» **Activity**: Your output should be everything below from the line containing "12pcs/lot 9x27mm Speaker" down to the line containing "Червоний Хендай Соната, об'ємом", both ends included, copied exactly, with pictures left out.

» **Extracted information**:
++++++++

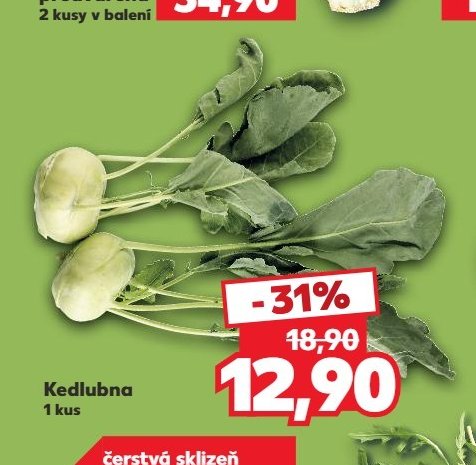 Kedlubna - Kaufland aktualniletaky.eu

++++++++

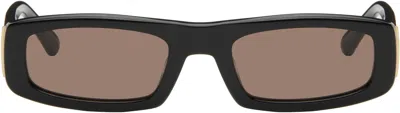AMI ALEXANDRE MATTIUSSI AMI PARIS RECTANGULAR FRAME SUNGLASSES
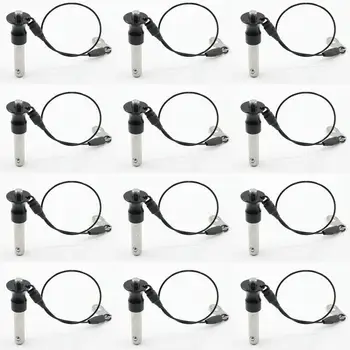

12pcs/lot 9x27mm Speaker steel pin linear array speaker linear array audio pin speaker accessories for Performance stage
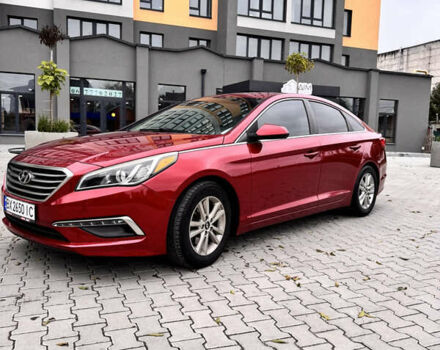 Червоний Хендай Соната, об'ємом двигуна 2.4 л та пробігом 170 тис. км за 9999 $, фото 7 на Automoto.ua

++++++++

» **Answer for this exercise**:
12pcs/lot 9x27mm Speaker steel pin linear array speaker linear array audio pin speaker accessories for Performance stage
 Червоний Хендай Соната, об'ємом двигуна 2.4 л та пробігом 170 тис. км за 9999 $, фото 7 на Automoto.ua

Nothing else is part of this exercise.